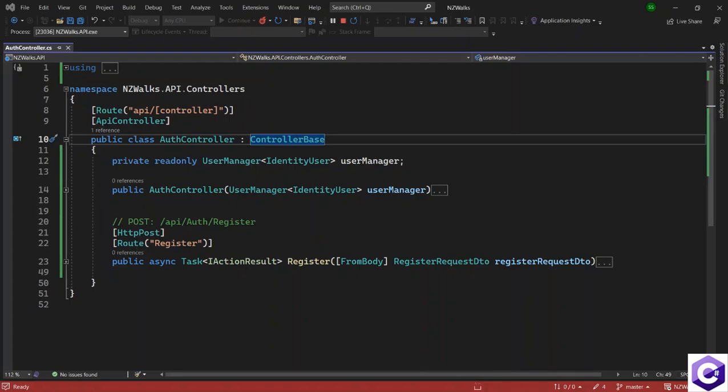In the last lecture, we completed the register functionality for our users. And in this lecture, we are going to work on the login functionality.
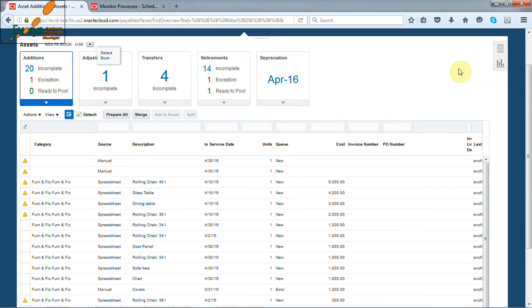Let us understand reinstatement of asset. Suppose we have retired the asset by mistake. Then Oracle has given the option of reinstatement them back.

════════════════════

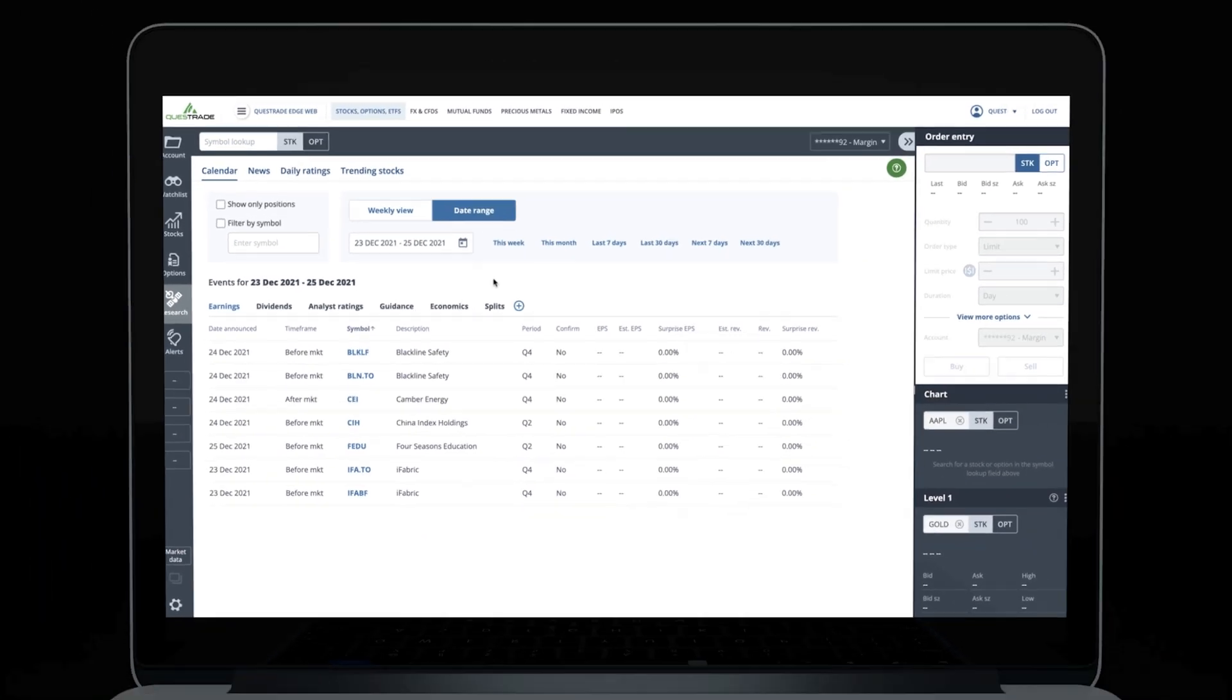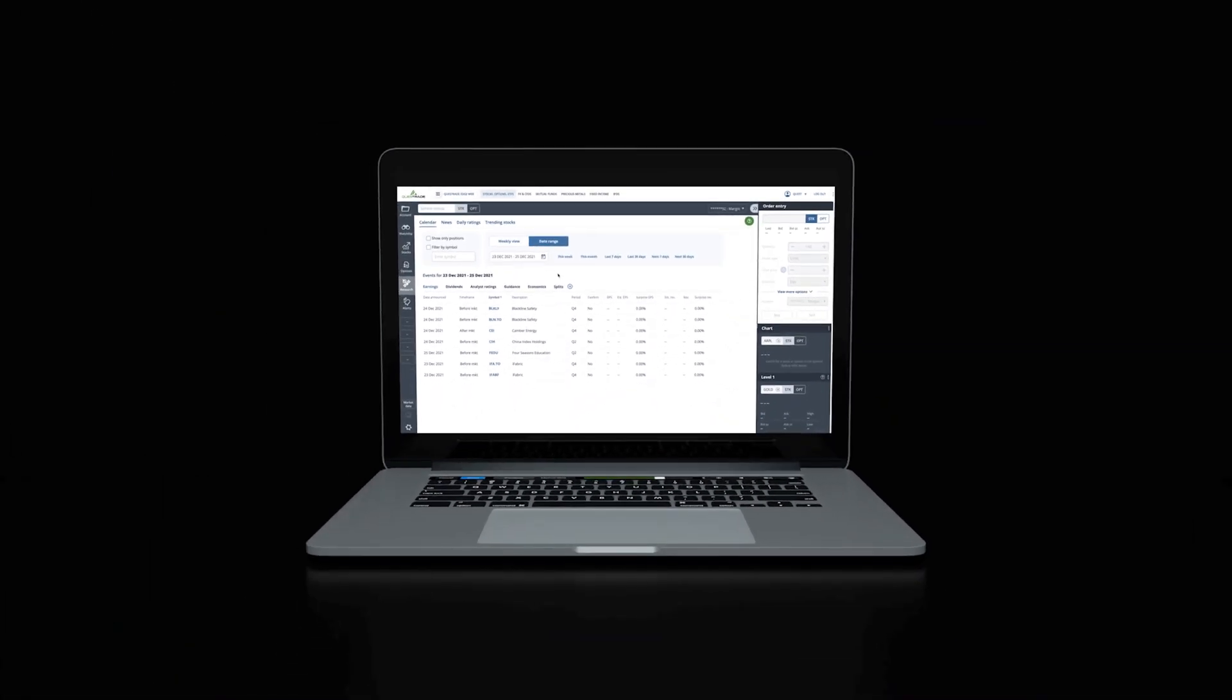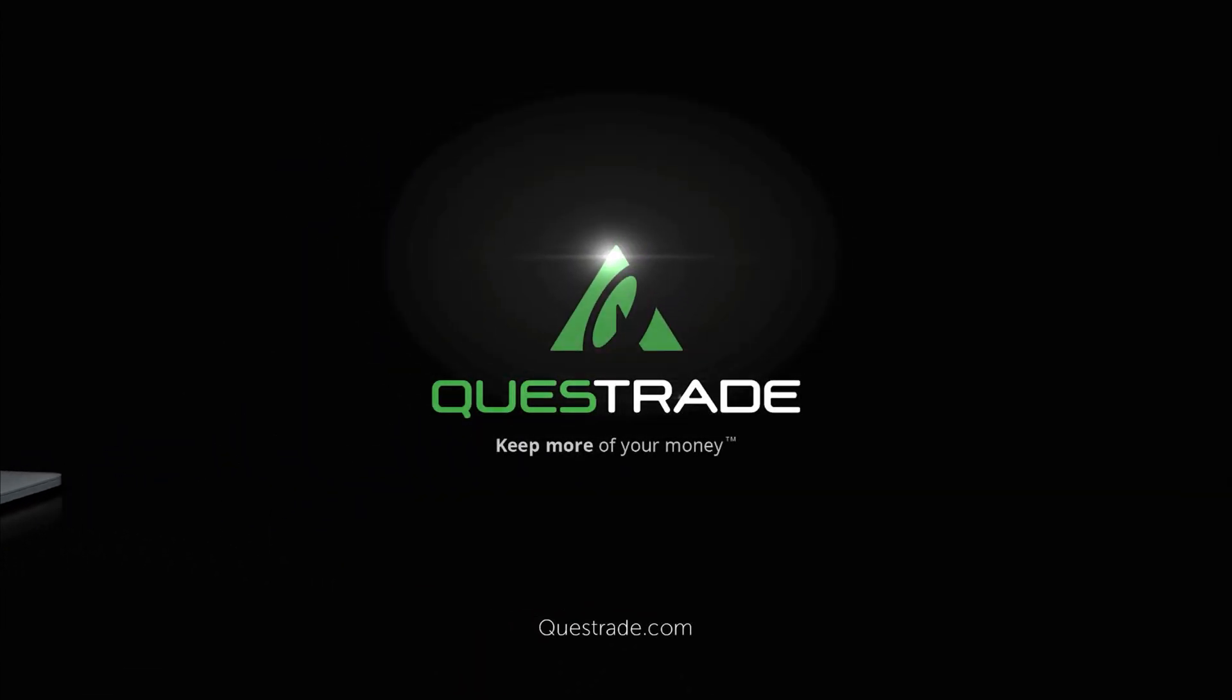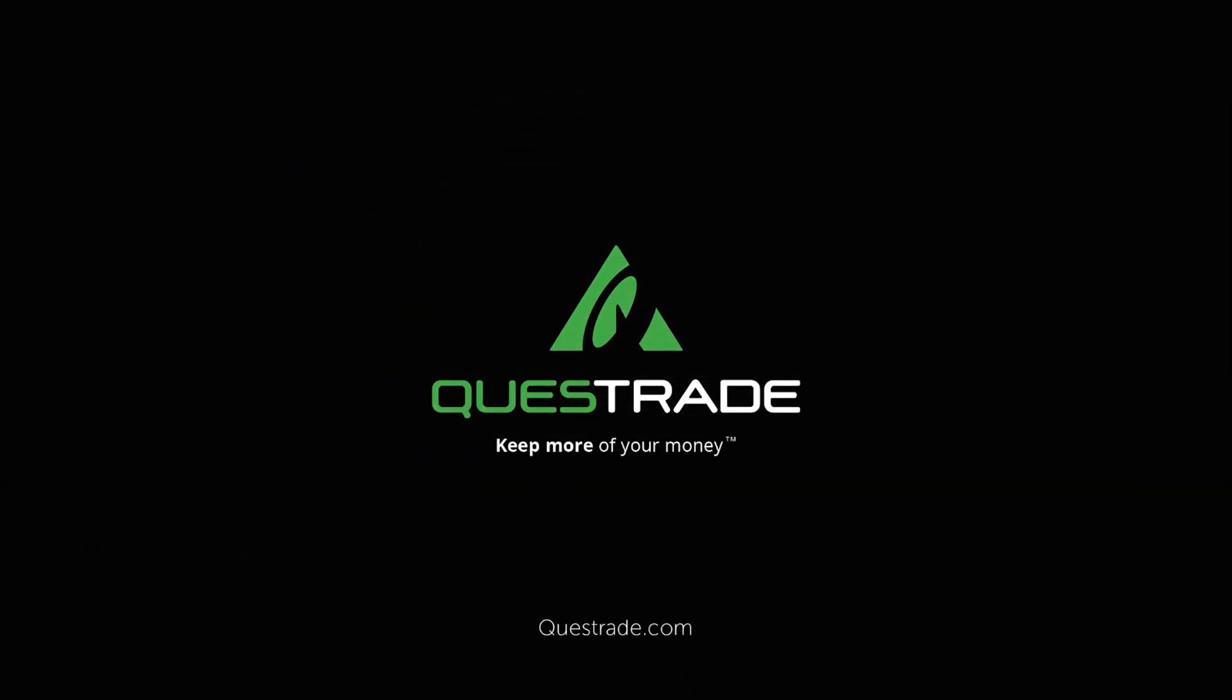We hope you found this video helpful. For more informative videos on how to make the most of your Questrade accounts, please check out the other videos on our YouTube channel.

════════════════════

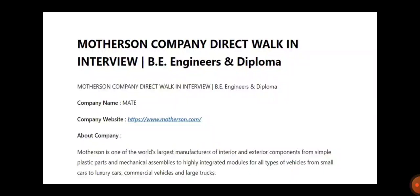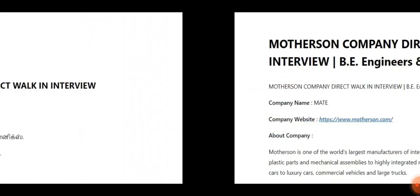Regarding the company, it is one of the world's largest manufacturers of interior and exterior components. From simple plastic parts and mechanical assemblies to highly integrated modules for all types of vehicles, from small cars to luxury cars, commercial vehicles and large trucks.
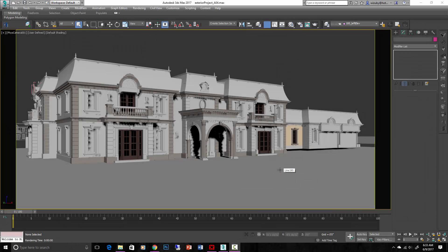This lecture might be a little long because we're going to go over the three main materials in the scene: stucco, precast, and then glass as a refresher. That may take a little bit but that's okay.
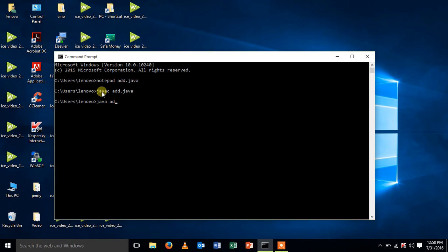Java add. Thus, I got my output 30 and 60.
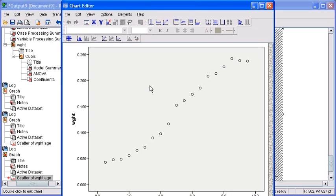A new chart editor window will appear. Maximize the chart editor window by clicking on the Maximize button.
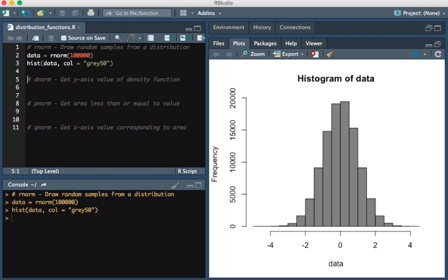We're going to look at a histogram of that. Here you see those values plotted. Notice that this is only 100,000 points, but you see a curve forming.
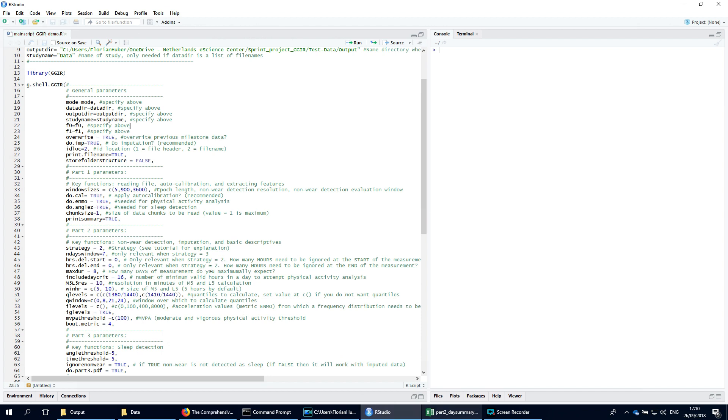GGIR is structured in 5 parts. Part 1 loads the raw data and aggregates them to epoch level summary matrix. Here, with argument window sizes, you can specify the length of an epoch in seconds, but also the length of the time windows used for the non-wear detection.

════════════════════

Print, word for word, the lines above that run from the line containing "This lecture might" to the line containing "A new chart", both included. Keep the pictures out.

RESPONSE:
This lecture might be a little long because we're going to go over the three main materials in the scene: stucco, precast, and then glass as a refresher. That may take a little bit but that's okay.
Java add. Thus, I got my output 30 and 60.
A new chart editor window will appear. Maximize the chart editor window by clicking on the Maximize button.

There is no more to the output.